*Available data*.

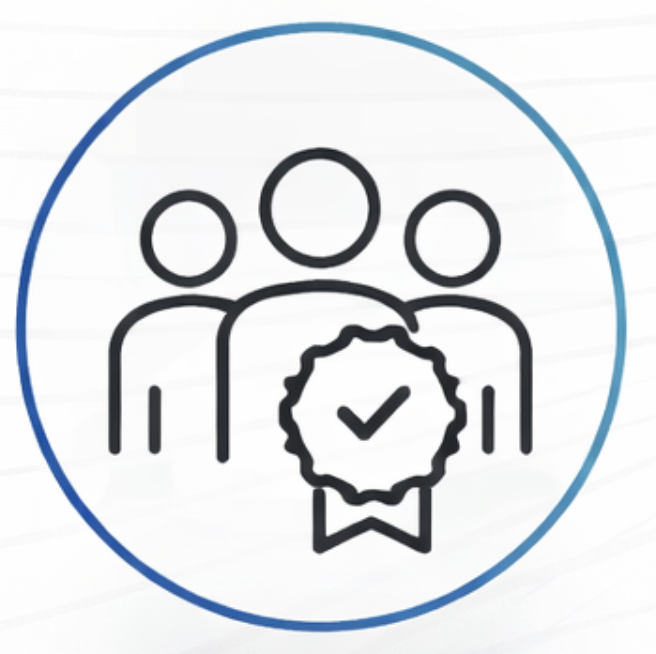 Line drawing of three people with a badge and checkmark, enclosed in a circle, representing certification or recognition.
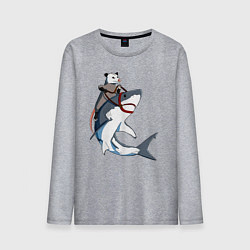 Лонгслив хлопковый мужской Опоссум верхом на акуле, цвет: меланж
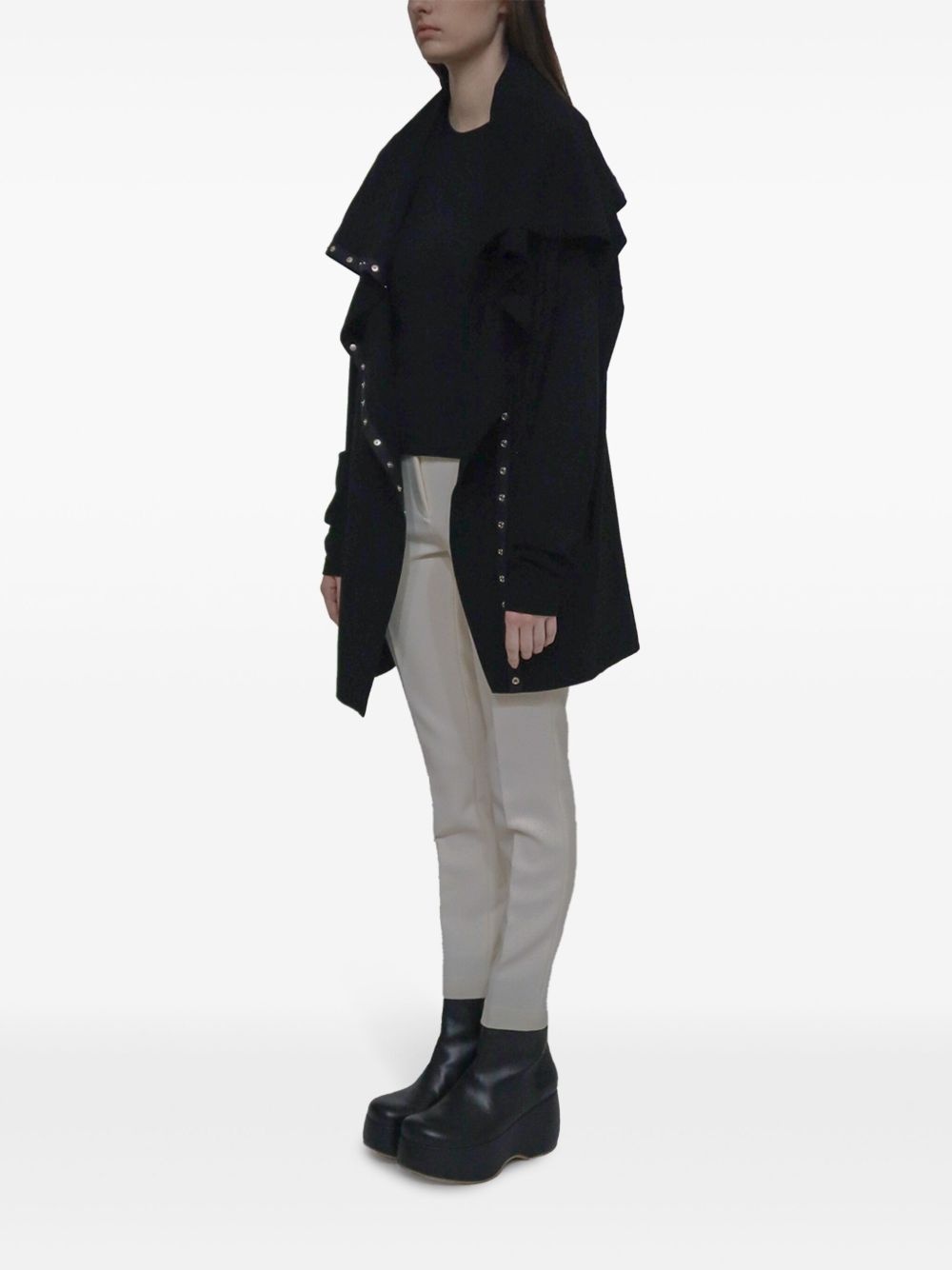 funnel-neck cardigan - 3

*Required work*. Your response must reproduce the listing above word for word and must contain none of its pictures.

*Reply*.
 Line drawing of three people with a badge and checkmark, enclosed in a circle, representing certification or recognition.
 Лонгслив хлопковый мужской Опоссум верхом на акуле, цвет: меланж
 funnel-neck cardigan - 3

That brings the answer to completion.